Pennsylvania Casinos Are Handing Out Less Free Slot Play
Posted on: August 28, 2017, 12:00h.
Last updated on: August 28, 2017, 12:19h.
Pennsylvania casinos were a tad more conservative during the most recent fiscal year when it came to divvying out free slot credit to patrons, and that might hint that gambling demographics are changing.
Pennsylvania’s 12 land-based floors aren’t alone in giving out less free spins, as casinos in West Virginia did the same.
The revelations were disclosed in recent revenue reports issued from the state’s respective gaming agencies. Behind only Nevada, Pennsylvania generates more casino revenue than any other state.
In Pennsylvania, casinos gave out $622.4 million in promotional play during the 2016/17 fiscal year, a nearly nine percent reduction from the state’s high in 2012/13 when it gave out $681.2 million. In the Mountain State, West Virginia’s five casinos awarded players $74.3 million, a 21 percent drop from 2011/12 when the gambling floors dished out $93.9 million.
End of an Era?
The baby boomers are now approaching 70 years of age or already there, with many fully retired and living on a fixed income. No generation has perhaps taken a liking to slot machines more than baby boomers, but younger generations don’t seem quite as keen on the games of chance.

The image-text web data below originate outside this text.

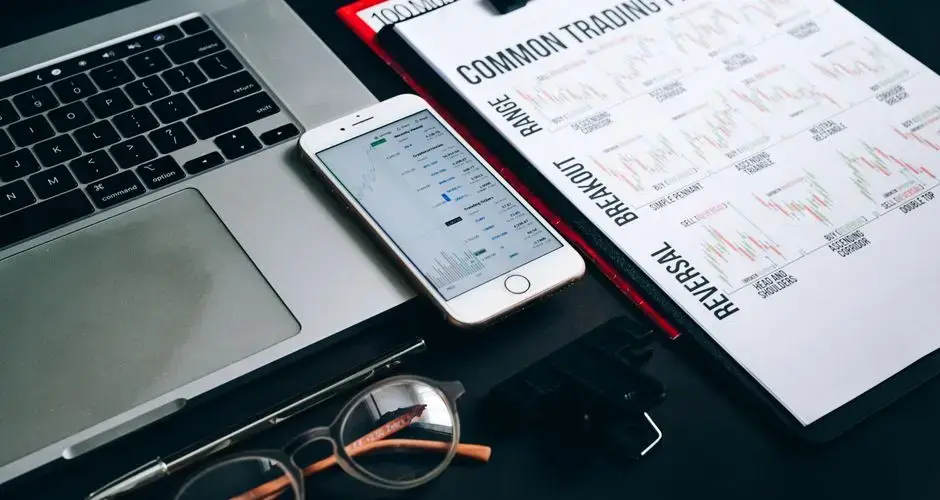 Workstation with laptop, smartphone, eyeglasses, financial charts, and pen for trading analysis.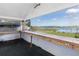 Covered porch overlooking the lake and backyard at 4801 Beach Blvd, Orlando, FL 32803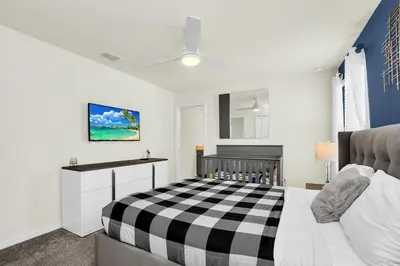 a bedroom with a black and white checkered bed at Ev2010 - Windsor Star Retreat in Kissimmee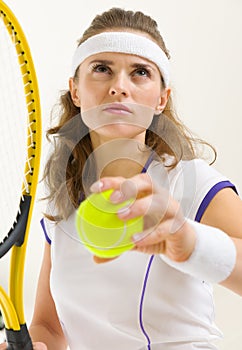 Portrait of confident tennis player ready to serve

West Virginia and Pennsylvania casinos giving out less free slot play might hint that the baby boomer generation is getting older, and visiting less. Gaming consultant Vince Manfredi opined to the Tribune-Review, a Pennsylvania newspaper covering the slot story, that the strengthening economy could also be pushing free slot play down.
Manfredi believes casinos needed to do more a few years back to lure patrons when the recession was most hardly felt. But the consultant admits the more probable long-term reason is due to fewer boomers.
Generation X, and especially the millennial, have less interest in slot machines, instead preferring games with some element of skill.
“The slot experience has to be reimagined to appeal to a younger audience,” Manfredi opined. “The younger person is not as inclined to play in a traditional slot experience because it doesn’t compare well with other kinds of electronic gaming experience, where there is competition, there is socialization, there is more entertainment value through the animation.”
Las Vegas Targets Millennials
When it comes to gambling innovation, Nevada and Las Vegas has always been the industry’s epicenter. In recent months, casinos in the Silver State have sought ways to make sure they’re adjusting to demand, and assuring that their floors remain active for decades to come.
From eSports and video game competitions, to skill-based gaming terminals that incorporate elements of traditional slot machines with aptitude, casinos are currently in a beta period trying to determine what appeals and what doesn’t.
MGM is perhaps the most active operator trying to develop a plan for the coveted millennial. Nevada’s largest employer recently opened the Level Up gaming and entertainment lounge inside the MGM Grand, an area dedicated to the 20 and 30-something crowd.
In addition to Level Up, MGM is also behind the “Fear of the Walking Dead Survival Experience,” a zombie-themed virtual reality attraction. Played in a 2,000-square-foot room, the game immerses players in a digital universe with live zombies played by actors.